▸ **What to produce**: Where a line in the data below includes the word "served", count it. State the total and nothing more.

▸ **Data items**:

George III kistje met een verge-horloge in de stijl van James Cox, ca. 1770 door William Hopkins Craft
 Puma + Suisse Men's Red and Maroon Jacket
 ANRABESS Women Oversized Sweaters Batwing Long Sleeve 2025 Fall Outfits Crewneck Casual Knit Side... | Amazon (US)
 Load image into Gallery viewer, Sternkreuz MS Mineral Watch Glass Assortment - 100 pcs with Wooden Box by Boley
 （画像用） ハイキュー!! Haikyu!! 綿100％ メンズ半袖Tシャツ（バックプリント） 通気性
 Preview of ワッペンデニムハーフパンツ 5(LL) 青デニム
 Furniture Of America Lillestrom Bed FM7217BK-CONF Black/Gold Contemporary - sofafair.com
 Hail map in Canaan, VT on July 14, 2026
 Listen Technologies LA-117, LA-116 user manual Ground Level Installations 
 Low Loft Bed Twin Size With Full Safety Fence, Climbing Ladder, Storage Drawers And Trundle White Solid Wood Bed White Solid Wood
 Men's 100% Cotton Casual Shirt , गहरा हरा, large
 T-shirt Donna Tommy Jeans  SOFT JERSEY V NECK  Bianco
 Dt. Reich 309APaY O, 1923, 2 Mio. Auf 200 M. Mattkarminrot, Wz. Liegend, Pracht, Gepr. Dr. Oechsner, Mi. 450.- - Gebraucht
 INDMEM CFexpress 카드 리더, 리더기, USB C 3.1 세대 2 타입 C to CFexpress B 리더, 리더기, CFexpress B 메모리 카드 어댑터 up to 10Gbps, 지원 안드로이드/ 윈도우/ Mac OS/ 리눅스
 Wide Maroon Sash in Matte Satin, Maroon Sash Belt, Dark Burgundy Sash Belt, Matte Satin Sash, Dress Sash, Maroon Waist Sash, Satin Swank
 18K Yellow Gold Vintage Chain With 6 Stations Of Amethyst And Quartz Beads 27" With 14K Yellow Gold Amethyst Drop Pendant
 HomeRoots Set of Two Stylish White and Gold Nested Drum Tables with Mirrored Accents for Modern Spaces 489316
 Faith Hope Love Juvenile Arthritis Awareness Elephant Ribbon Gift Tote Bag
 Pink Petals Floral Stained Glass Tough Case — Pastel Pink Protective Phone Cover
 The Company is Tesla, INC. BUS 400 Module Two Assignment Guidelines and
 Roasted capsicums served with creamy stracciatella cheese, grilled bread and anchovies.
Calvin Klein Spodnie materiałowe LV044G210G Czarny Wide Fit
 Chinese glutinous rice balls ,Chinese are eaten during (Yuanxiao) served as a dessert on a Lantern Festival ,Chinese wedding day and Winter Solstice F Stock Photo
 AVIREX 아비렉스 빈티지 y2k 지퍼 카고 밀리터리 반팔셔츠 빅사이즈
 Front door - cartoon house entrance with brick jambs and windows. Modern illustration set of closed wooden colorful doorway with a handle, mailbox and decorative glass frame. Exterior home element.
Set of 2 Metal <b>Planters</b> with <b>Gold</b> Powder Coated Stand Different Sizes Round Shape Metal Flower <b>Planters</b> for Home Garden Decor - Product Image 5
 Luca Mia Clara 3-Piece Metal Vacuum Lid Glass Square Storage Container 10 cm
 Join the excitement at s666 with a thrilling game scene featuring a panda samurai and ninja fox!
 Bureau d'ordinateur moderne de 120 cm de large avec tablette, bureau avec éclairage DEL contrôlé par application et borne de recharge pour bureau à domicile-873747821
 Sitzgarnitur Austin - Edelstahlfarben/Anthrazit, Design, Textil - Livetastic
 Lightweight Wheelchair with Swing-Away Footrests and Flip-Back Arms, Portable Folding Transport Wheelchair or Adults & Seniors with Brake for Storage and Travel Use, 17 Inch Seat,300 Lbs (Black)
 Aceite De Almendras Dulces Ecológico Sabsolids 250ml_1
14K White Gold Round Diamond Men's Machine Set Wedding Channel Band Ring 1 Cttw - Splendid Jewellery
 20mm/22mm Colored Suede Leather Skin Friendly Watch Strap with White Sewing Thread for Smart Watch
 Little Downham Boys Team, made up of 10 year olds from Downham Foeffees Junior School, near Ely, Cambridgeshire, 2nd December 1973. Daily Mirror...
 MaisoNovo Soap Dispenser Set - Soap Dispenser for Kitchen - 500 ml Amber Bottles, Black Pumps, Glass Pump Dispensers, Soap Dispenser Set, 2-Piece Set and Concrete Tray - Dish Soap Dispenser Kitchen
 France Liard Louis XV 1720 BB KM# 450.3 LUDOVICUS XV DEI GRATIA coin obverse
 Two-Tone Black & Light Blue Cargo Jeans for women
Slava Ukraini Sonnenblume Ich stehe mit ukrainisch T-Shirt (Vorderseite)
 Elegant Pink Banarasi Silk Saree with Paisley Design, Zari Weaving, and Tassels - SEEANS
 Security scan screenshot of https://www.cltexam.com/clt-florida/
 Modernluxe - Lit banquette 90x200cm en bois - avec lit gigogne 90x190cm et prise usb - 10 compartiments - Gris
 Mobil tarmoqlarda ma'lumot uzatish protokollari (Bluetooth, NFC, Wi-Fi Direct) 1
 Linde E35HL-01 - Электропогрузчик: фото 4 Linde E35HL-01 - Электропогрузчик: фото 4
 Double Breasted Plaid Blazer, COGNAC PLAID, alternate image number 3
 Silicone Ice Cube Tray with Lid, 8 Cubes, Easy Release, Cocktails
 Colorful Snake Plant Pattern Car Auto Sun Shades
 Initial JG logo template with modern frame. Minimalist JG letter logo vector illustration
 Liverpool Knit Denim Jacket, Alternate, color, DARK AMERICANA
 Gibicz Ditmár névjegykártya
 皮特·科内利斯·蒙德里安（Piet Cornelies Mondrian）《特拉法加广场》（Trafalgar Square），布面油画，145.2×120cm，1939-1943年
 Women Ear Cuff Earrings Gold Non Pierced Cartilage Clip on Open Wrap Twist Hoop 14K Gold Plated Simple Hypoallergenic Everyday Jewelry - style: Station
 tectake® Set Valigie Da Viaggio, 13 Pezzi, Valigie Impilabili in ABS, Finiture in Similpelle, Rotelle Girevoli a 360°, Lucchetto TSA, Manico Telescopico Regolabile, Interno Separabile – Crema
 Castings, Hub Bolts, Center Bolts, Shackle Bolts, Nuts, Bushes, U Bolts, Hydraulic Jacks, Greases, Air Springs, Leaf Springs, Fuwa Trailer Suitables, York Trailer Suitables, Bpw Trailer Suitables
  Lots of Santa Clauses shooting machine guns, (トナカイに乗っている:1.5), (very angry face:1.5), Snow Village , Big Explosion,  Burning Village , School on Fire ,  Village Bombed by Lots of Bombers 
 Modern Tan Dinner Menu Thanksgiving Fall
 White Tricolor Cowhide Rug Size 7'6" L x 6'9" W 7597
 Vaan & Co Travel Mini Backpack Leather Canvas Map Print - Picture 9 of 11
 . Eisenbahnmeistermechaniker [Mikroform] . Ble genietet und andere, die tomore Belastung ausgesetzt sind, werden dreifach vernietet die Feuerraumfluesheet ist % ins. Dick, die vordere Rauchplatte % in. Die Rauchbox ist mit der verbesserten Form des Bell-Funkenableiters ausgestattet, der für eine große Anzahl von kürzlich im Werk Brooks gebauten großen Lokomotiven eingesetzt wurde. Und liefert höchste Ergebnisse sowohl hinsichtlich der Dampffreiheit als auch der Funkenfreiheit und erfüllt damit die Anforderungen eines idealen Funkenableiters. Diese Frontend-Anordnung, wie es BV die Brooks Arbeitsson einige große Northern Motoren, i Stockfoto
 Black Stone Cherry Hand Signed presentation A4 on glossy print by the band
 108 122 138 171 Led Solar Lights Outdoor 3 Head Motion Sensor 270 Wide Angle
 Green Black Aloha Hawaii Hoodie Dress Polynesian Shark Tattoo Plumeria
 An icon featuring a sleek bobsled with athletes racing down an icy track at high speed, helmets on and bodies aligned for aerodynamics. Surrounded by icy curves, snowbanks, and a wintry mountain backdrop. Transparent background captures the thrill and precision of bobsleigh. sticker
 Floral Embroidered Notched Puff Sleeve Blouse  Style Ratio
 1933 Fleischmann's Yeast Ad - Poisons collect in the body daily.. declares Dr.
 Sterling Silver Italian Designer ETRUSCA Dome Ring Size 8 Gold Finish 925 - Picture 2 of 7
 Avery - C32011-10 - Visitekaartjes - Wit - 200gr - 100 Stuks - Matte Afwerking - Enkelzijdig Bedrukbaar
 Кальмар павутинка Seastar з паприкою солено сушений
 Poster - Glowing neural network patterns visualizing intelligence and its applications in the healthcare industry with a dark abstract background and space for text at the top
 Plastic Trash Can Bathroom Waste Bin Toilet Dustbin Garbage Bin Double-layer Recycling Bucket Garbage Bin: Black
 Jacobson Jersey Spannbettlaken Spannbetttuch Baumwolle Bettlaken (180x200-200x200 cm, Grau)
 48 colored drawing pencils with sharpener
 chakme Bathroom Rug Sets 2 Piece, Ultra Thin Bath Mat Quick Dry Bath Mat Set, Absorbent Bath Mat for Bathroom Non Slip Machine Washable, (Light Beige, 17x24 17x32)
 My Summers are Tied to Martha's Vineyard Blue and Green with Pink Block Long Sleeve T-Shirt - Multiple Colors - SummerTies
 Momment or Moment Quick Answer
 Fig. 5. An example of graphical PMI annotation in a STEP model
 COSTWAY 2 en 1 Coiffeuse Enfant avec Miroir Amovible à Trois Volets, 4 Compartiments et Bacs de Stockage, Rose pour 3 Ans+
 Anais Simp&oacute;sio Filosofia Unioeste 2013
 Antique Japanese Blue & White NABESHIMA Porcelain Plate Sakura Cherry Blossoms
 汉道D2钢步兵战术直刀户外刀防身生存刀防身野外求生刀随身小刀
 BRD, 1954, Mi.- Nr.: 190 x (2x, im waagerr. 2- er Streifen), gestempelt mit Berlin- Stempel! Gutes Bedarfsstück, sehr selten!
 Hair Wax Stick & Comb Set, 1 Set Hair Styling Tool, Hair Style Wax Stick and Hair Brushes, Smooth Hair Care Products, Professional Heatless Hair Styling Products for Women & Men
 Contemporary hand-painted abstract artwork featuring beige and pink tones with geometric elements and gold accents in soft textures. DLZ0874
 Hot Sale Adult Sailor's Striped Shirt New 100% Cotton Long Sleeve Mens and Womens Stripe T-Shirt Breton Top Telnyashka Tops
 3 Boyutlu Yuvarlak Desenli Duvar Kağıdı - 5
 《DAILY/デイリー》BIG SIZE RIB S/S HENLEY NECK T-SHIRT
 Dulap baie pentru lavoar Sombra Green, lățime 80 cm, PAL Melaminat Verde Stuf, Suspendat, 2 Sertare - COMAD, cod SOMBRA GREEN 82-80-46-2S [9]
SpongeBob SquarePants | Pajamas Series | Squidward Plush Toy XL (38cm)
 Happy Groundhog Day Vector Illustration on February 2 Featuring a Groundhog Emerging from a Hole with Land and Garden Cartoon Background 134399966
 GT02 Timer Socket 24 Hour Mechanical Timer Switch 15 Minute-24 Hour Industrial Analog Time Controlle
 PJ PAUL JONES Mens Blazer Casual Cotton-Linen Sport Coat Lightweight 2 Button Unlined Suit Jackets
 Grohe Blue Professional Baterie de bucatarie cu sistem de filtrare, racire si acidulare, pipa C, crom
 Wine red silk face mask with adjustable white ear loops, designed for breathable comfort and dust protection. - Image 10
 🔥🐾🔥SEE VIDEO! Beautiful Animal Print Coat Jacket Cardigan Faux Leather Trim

▸ **Output of the exercise**: 2